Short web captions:
= = = = = = =
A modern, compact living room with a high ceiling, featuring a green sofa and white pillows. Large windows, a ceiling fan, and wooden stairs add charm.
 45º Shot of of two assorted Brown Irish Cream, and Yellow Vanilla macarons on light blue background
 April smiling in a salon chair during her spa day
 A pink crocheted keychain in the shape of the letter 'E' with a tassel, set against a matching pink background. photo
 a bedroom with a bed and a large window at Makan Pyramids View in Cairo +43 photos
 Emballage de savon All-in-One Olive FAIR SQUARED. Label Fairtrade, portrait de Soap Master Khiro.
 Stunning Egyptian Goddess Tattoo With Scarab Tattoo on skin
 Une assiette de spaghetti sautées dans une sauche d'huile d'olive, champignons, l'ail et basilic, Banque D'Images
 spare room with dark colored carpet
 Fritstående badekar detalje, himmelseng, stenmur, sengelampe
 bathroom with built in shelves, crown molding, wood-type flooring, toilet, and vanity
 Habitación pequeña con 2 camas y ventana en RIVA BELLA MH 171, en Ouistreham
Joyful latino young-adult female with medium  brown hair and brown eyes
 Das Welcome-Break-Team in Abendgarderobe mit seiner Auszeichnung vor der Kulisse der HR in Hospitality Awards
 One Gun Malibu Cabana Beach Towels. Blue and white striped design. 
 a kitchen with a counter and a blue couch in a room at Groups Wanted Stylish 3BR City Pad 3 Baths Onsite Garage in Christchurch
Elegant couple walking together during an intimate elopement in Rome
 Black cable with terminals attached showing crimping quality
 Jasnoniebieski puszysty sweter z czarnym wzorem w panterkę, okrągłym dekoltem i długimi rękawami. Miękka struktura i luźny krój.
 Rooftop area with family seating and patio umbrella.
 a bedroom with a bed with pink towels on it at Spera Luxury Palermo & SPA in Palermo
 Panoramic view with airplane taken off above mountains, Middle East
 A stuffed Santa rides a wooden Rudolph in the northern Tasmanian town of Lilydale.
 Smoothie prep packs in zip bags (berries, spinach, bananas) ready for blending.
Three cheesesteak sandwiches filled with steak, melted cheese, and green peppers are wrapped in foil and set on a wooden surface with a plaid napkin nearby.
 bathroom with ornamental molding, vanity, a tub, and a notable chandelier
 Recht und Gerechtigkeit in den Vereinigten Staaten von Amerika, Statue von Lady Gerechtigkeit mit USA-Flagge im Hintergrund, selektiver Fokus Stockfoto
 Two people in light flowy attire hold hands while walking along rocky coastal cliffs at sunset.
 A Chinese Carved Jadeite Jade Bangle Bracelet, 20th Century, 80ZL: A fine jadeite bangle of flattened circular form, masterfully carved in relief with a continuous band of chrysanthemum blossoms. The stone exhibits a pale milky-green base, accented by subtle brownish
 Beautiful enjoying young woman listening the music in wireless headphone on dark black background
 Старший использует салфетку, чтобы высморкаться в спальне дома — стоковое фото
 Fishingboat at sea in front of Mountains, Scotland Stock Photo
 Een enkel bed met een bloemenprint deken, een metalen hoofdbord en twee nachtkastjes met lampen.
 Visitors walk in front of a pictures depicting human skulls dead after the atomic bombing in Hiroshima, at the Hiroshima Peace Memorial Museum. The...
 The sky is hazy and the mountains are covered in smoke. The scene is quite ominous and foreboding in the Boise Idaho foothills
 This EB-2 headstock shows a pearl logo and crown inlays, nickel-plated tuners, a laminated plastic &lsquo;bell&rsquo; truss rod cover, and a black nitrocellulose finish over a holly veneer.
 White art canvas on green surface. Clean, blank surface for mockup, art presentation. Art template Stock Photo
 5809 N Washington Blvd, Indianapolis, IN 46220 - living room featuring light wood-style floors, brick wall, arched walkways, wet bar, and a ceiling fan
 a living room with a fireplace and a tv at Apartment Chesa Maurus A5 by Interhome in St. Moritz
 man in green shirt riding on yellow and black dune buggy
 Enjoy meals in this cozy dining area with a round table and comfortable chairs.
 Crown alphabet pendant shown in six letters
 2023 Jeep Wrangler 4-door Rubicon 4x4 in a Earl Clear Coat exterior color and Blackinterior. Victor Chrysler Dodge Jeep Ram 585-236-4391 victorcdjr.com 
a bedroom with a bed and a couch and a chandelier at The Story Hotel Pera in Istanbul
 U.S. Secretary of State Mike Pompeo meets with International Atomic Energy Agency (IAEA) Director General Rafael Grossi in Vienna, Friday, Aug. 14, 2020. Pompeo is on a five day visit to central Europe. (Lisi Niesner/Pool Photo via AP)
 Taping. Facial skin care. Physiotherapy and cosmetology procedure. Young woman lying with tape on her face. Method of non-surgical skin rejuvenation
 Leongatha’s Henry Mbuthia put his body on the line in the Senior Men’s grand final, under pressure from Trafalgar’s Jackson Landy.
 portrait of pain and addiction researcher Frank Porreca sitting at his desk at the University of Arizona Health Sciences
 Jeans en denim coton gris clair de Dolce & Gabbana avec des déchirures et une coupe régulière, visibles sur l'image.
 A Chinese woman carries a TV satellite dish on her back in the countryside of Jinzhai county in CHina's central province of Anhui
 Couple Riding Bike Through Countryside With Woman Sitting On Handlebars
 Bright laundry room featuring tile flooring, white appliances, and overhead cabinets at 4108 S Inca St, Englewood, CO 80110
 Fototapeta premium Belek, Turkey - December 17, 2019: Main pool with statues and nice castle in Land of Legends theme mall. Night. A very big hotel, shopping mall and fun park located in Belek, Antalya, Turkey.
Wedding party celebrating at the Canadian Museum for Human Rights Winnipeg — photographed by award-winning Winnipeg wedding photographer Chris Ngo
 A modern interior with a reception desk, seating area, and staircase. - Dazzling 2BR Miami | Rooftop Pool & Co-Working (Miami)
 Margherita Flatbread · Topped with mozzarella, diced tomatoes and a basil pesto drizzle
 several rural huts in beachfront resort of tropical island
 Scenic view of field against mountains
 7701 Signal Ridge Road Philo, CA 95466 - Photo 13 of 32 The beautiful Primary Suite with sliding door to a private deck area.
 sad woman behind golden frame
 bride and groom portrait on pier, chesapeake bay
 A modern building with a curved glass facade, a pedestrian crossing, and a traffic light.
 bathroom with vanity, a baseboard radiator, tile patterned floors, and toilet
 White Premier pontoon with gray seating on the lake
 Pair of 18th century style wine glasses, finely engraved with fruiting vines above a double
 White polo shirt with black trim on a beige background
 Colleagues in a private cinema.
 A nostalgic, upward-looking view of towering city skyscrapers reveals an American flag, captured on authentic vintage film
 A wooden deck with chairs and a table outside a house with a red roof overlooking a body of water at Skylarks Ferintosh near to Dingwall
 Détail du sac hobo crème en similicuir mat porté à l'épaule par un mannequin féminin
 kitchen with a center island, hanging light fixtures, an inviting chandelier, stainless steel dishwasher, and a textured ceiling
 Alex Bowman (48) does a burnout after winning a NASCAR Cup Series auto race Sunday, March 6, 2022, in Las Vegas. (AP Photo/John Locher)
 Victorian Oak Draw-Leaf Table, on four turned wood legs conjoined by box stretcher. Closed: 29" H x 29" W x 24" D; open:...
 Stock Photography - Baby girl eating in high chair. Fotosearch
= = = = = = =
• _What you will do_
Of all the entries above, repeat only the lines from the line that has "kitchen with a center" to the line that has "Victorian Oak Draw-Leaf", both lines included, exactly.

• _Finished task_
 kitchen with a center island, hanging light fixtures, an inviting chandelier, stainless steel dishwasher, and a textured ceiling
 Alex Bowman (48) does a burnout after winning a NASCAR Cup Series auto race Sunday, March 6, 2022, in Las Vegas. (AP Photo/John Locher)
 Victorian Oak Draw-Leaf Table, on four turned wood legs conjoined by box stretcher. Closed: 29" H x 29" W x 24" D; open:...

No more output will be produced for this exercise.